Troubleshooting ZFS
Most ZFS errors I've experienced generally fall into one of three categories.
These categories are:
Category | Description |
---|---|
missing devices | Missing devices placed in a "faulted" state. |
damaged devices | Caused by things like transient errors from the disk or controller, driver bugs or accidental overwrites (usually on misconfigured devices). |
data corruption | Data damage to top-level devices; usually requires a restore. Since ZFS is transactional, this only happens as a result of driver bugs, hardware failure or filesystem misconfiguration. |
It is important to check for all three categories of errors. One type of problem is often connected to a problem from a different family. Fixing a single problem is usually not sufficient.
Data integrity can be checked by running a manual scrubbing:
# zpool scrub <pool-name> # zpool status -v <pool-name>
The last command checks the status after the scrubbing is complete.
The zfs status command also reports on recovery suggestions for any errors it finds.

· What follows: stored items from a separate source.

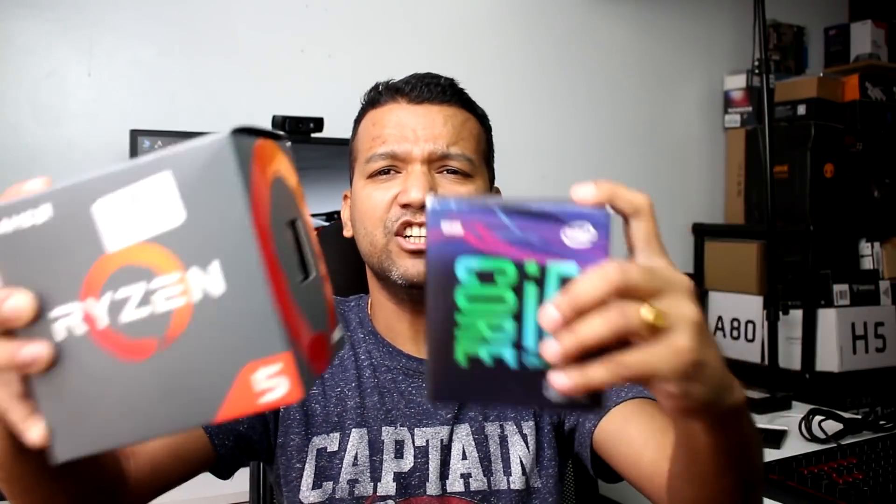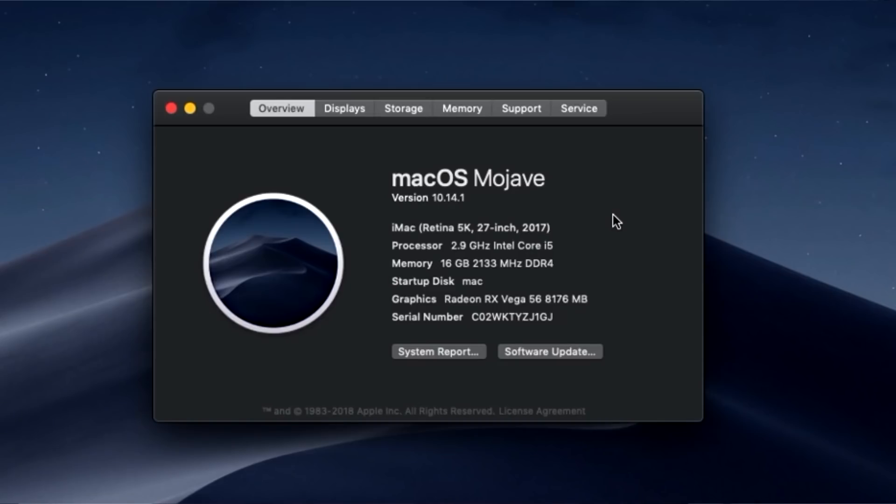What's up guys, this is Sony back with another video. Today I'm making this video because you guys asked me to — you wanted to see the performance difference between Intel hackintosh versus my AMD Ryzen build. Both systems are running macOS Mojave 10.14.1. I didn't update to the latest version because the systems are running stable right now.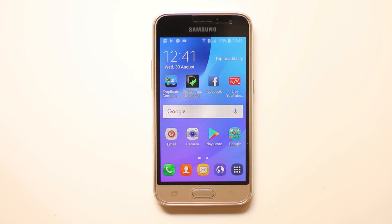Hello everyone and welcome to my YouTube channel. In this video today we will see how to change the size of the Facebook post in an Android device.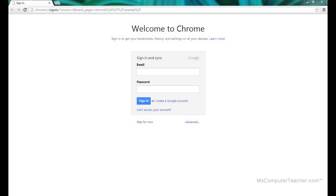The first thing we have to do to create our Google site or digital portfolio is to make sure we have a Google account. A Google account includes Gmail, which is Google's email program. If you already have a Gmail address, then you already have a Google account. If you don't have a Google account, watch this video and we will get you set up with one. If you do have an account, go ahead and get logged in and you can start with the second video.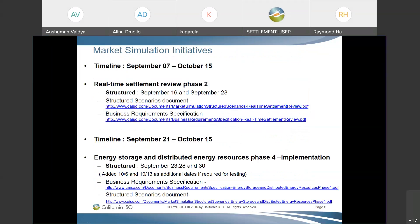This slide gives more information about the documentation for the Real-Time Settlements Review Phase 2 project and Energy Storage and Distributed Energy Resources Phase 4 implementation. We completed structured scenarios on September 16 and September 28 for RTS Phase 2, and we have been running structured scenarios for the ESDER Phase 4 project from September 23, 28, and 30. We plan to run REC infeasibility through today, and then we will not run REC infeasibility for future settlement states coming on October 6 and October 13, to allow market participants to test this functionality without REC infeasibility.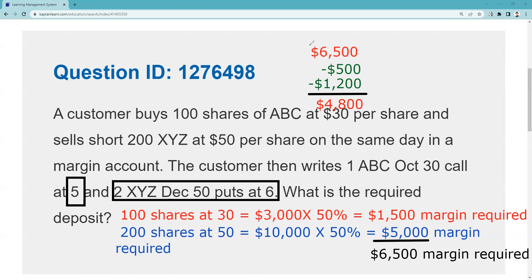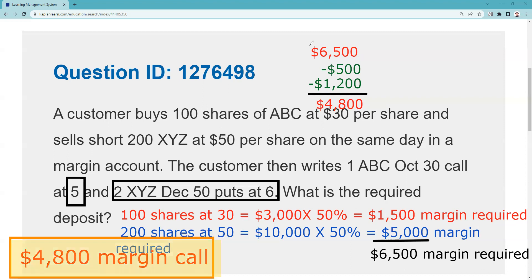The question asked for the required deposit — the margin call — not the margin requirement. The margin requirement is $6,500; the margin call, which is the difference between what you need and what you have, is $4,800. For the Series 9 and Series 4, margin is mainly recognition: can you identify the 20% formula, and do you understand that when you write a covered call, the premium can offset or reduce how much you need to come up with for the margin call?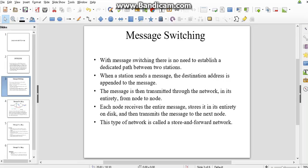In its entirety from node to node, each node receives the entire message, stores it in entirety on disk, and transmits the message to the next node. This type of network is called a store-and-forward network.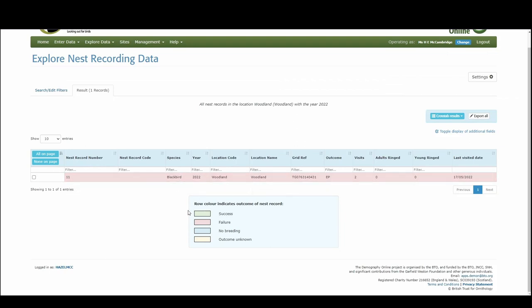And as you can see from the key down here, it would be green if it had been a successful outcome, red for a failure, blue if no breeding occurred, and if you're unsure of the outcome of the nest it would be in yellow. And that is very simply how to create your general site and input a nest record that you have found within your site.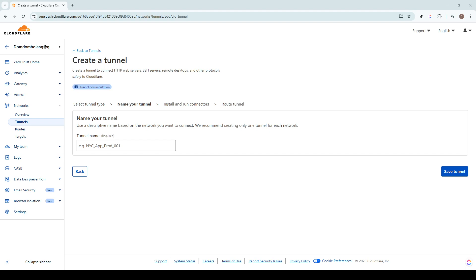Remember, Cloudflare provides a variety of tools that can simplify your cloud management, so it's a good idea to explore and become familiar with its vast offerings. I hope this guide has brought clarity and you now feel more equipped to manage your tunnels within Cloudflare. Stay tuned for more tutorials that will help unravel the complexities of technology, one click at a time.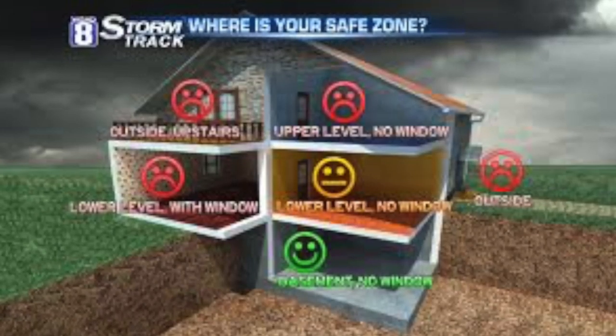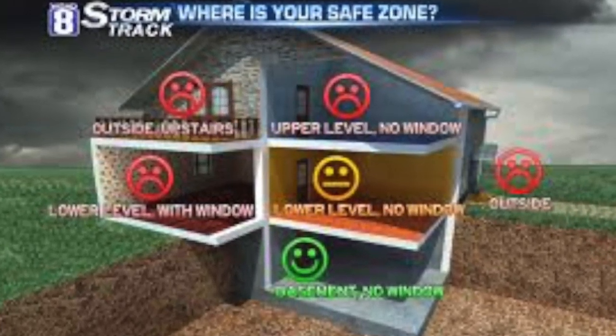Ways to stay safe during a tornado: move to an underground shelter, a basement, or a safe room. If none is available, move to a small windowless room or a hallway on the lowest level of a sturdy building — it is the safest choice. Remember, no area of a mobile home is safe during a tornado.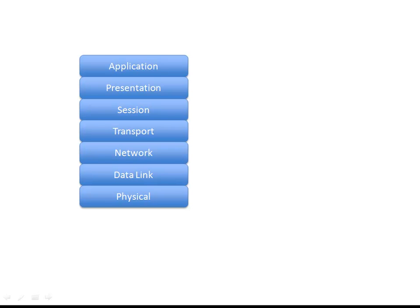We've been going through several videos talking about the lower layers: the physical layer where we have bits as the protocol data unit, the data link layer where we have frames, the network layer where we have packets or datagrams, and the transport layer where we have segments.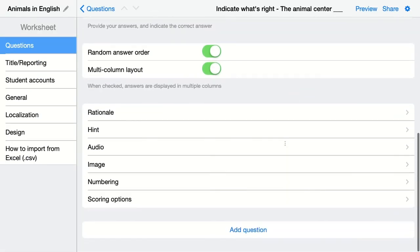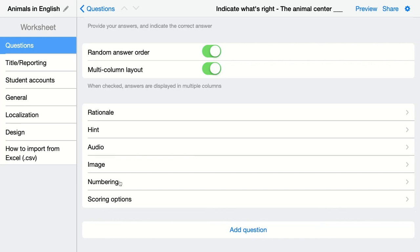Below every single question type you have other options as well. You can add an explanation for why a particular answer is correct. You can add hint audio to give more instructions, or even to add a listening exercise to this kind of question type. You can also add an image to spice things up.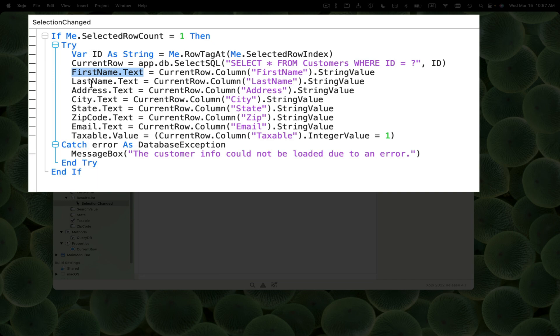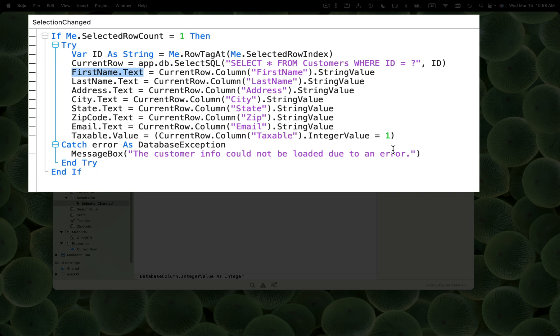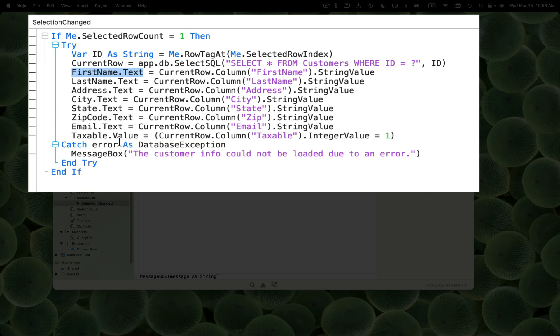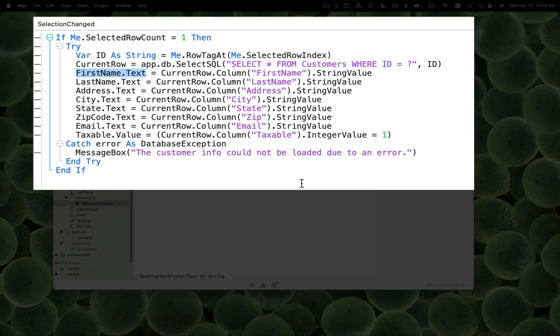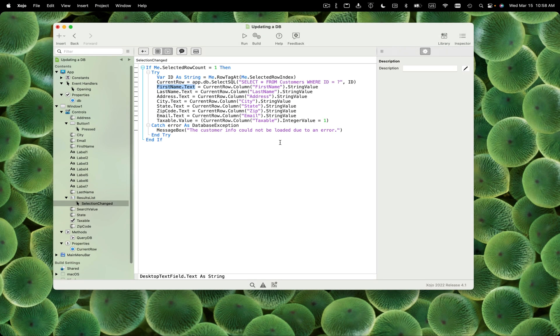With taxable, it's a checkbox, so it's a Boolean. I'm setting it to the result of this equation - if the integer value of taxable equals one, that's true, so it'll set it to true and the checkbox will be checked. If all goes well, then great. If there's an error, the catch portion will fire and a message box will appear letting the user know that for some reason the row couldn't be loaded.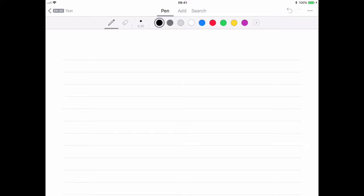This is an app called MyScript Nebo, and I'm using it on an iPad with the Apple Pencil. There are versions for Windows, touch devices, and for Android, but it's really designed to work with the more sophisticated types of stylus, like the Apple Pencil.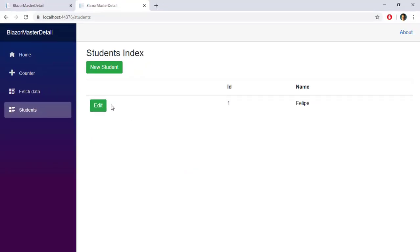The next step is to create edit functionality, which is something we'll do in the next video, but I want you to give it a try. With everything we've learned about Blazor, this is something you can do. Keep in mind the user should be able to add new addresses, retrieve current addresses, edit single or multiple addresses, and remove addresses. I'll cover that in the next video, but you should try it first.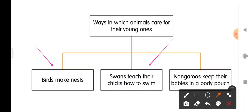Swans teach their chicks how to swim. Kangaroos keep their babies in a body pouch. Birds make nests for their young ones to keep them safe and protect them from other animals; they also feed their young ones. Swans teach their young ones how to swim. Kangaroos keep their babies in the pouch so that the babies feel warm and are protected from other animals.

These are reported in the action section.
To diagnose a problem, use the output of the status command and the fmdmessages in /var/adm/messages.
The config section of the status section reports the state of each device. The state can be:
Device State | Comments |
---|---|
ONLINE | Normal |
FAULTED | Missing, damaged, or mis-seated device |
DEGRADED | Device being resilvered |
UNAVAILABLE | Device cannot be opened |
OFFLINE | Administrative action |
The status command also reports READ, WRITE or CHKSUM errors.
To check if any problem pools exist, use
# zpool status -x
This command only reports problem pools.
If a ZFS configuration becomes damaged, it can be fixed by running export and import.
Devices can fail for any of several reasons:
Reason | Comments |
---|---|
"Bit rot" | Corruption caused by random environmental effects. |
Misdirected Reads/Writes | Firmware or hardware faults cause reads or writes to be addressed to the wrong part of the disk. |
Administrative Error | |
Intermittent, Sporadic or Temporary Outages | Caused by flaky hardware or administrator error. |
Device Offline | Usually caused by administrative action. |
Once the problems have been fixed, transient errors should be cleared:
# zpool clear <pool-name>
In the event of a panic-reboot loop caused by a ZFS software bug, the system can be instructed to boot without the ZFS filesystems:
ok> boot -m milestone=none
When the system is up, remount / as rw and remove the file /etc/zfs/zpool.cache. The remainder of the boot can proceed with:
# svcadm milestone all
At that point import the good pools. The damaged pools may need to be re-initialized.